> _Task to carry out_
Without the images, set down each entry exactly.

* * *

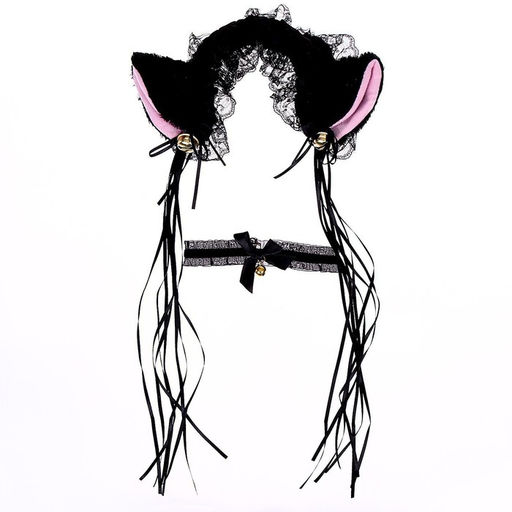 Карнавальный набор Мур-мур аниме - Страна карнавалия фото 2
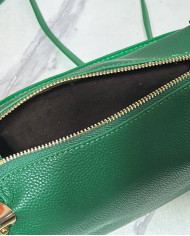 Louis Vuitton Box-Style Shoulder Bag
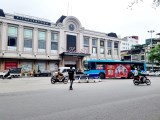 Bán nhà số 3D Nguyễn Văn Tố, Hoàn Kiếm, nhà 42m2 xây 4 tầng - 9 tỷ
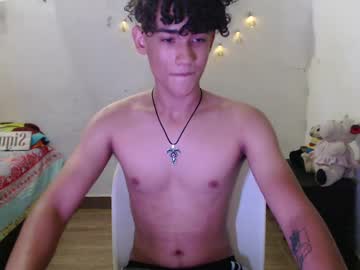 Jake_Willianss Chaturbate stream image from December 28, 2024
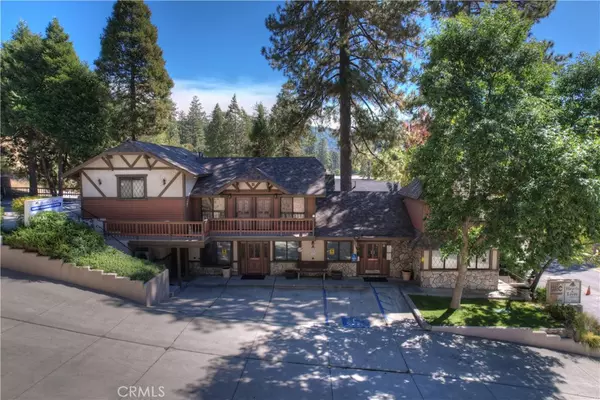 Crestline, CA 92325,24028 Lake DR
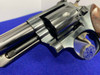 1961 Smith Wesson 53 .22Rem Jet 6" *EARLY PRODUCTION EXAMPLE* No-Dash 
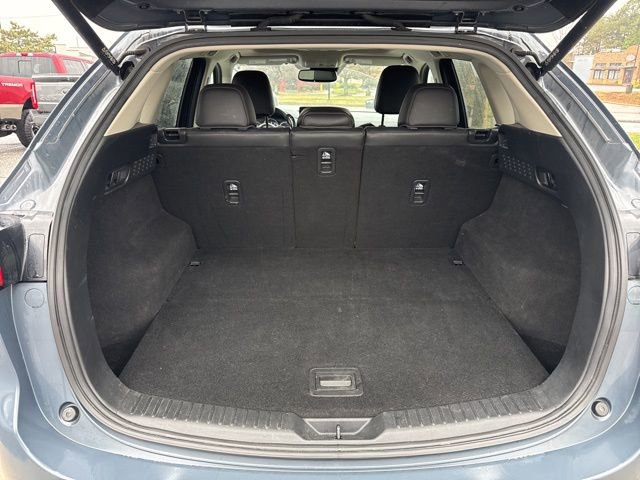 Used 2024 MAZDA CX-5 Carbon Edition image 13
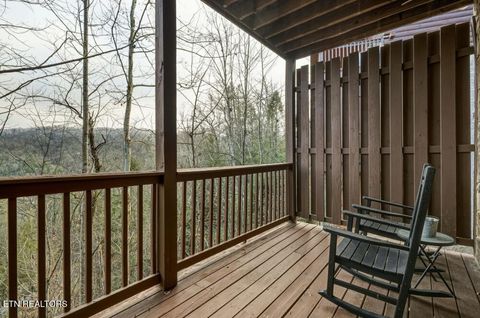 Tiny photo for 1779 Mountain Shadows Way, Gatlinburg, TN 37738 (MLS # 1328609)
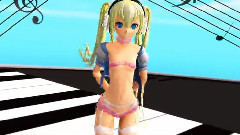 初音未来 - そにコスアリスで ハッピシンセサイザ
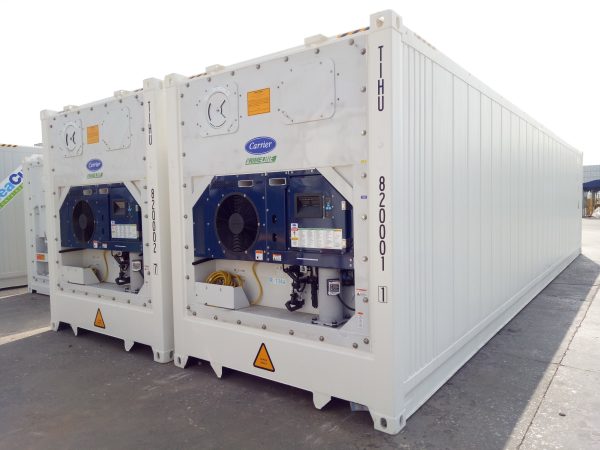 Buy Refrigerated Containers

* * *

> _Finished exercise_
 Карнавальный набор Мур-мур аниме - Страна карнавалия фото 2
 Louis Vuitton Box-Style Shoulder Bag
 Bán nhà số 3D Nguyễn Văn Tố, Hoàn Kiếm, nhà 42m2 xây 4 tầng - 9 tỷ
 Jake_Willianss Chaturbate stream image from December 28, 2024
 Crestline, CA 92325,24028 Lake DR
 1961 Smith Wesson 53 .22Rem Jet 6" *EARLY PRODUCTION EXAMPLE* No-Dash 
 Used 2024 MAZDA CX-5 Carbon Edition image 13
 Tiny photo for 1779 Mountain Shadows Way, Gatlinburg, TN 37738 (MLS # 1328609)
 初音未来 - そにコスアリスで ハッピシンセサイザ
 Buy Refrigerated Containers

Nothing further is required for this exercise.